Academic Freedom, Due Process, and Shared Governance Defined
What is Academic Freedom?
• Academic freedom is the right of scholars to pursue research, to teach, and to publish without control or restraint from the institutions that employ them.
• In the case of scholars, whose occupation is directly involved with that right, the concept of academic freedom generally includes the property right of tenure of office and a guarantee of the permanence of a college or university teacher's position which is awarded upon successful completion of a probationary period, usually seven years.
• Essential to the acceptance of the concept of academic freedom is the notion that truth is best discovered through the open investigation of all data.
• A less clearly developed corollary of academic freedom is the obligation of all those who enjoy it to pursue the line of open and thorough inquiry regardless of personal considerations.
What is Due Process?
Faculty are entitled to the rights of due process. These include the right to be notified in a timely manner of any complaints or grievances against them and the right to respond to those complaints or grievances.

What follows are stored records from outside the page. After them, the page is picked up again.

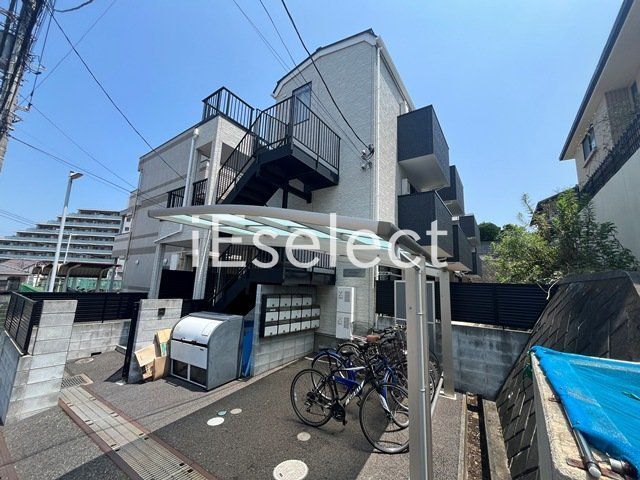 ロイヤルメゾン幕張本郷の外観写真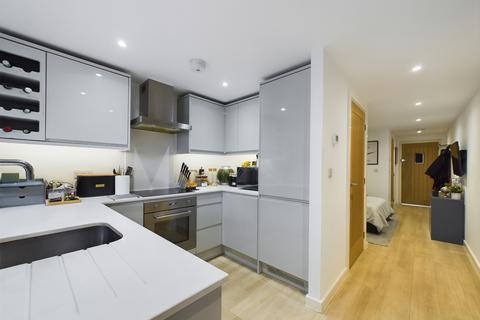 Studio to rent, The Parliament, Chesham Road, Amersham, HP6 5EX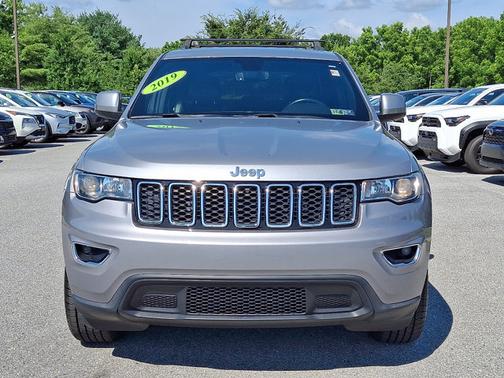 2019 Jeep Grand Cherokee Laredo E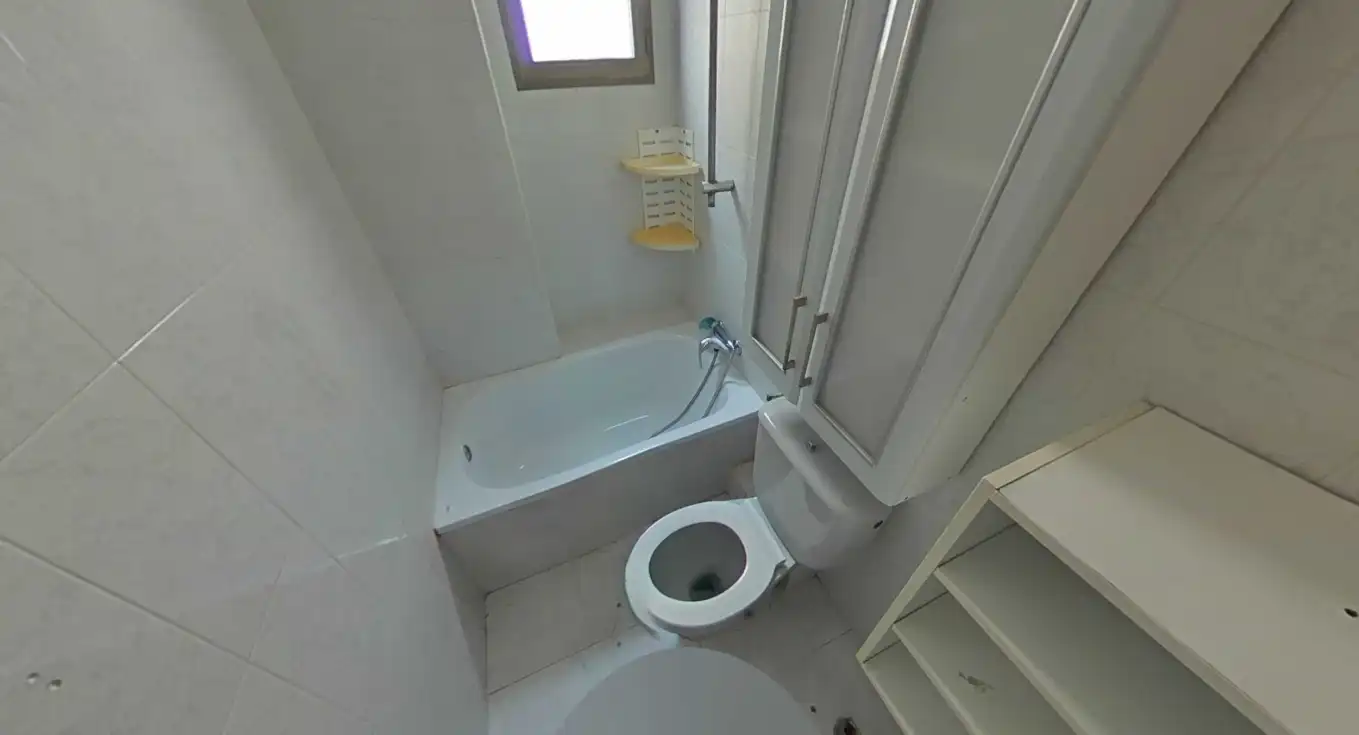 Baño de Piso en venta en Almería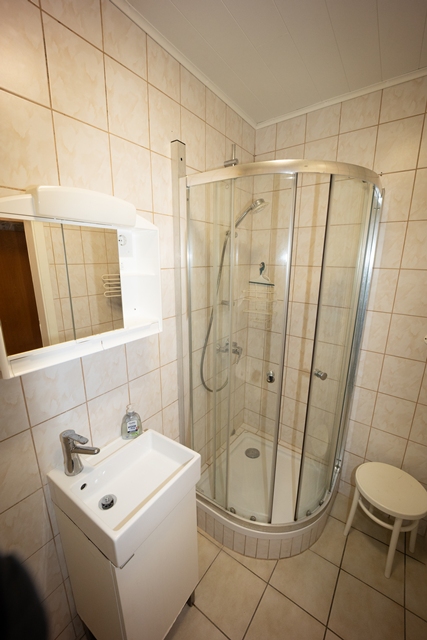 Single Appartment K2 Bad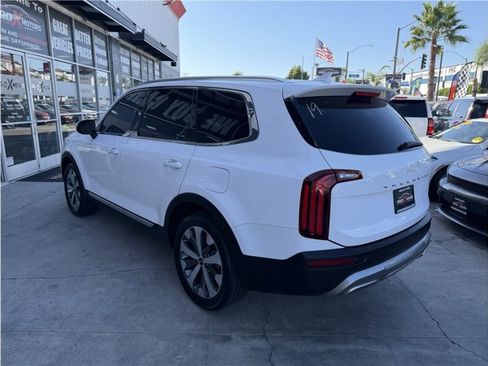 Used 2022 Kia Telluride EX w/ EX Premium Package FWD image 12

What is Shared Governance?
• The organization of internal governance is generally composed of a governing board (board of regents, board of directors), the university president (executive head, CEO) with a team of administrative chancellors and staff, faculty senates, academic deans, department chairs, and usually some form of organization for student representation. • The AAUP published its first "Statement on Government of Colleges and Universities" in 1920,“emphasizing the importance of faculty involvement in personnel decisions, selection of administrators, preparation of the budget, and determination of educational policies.”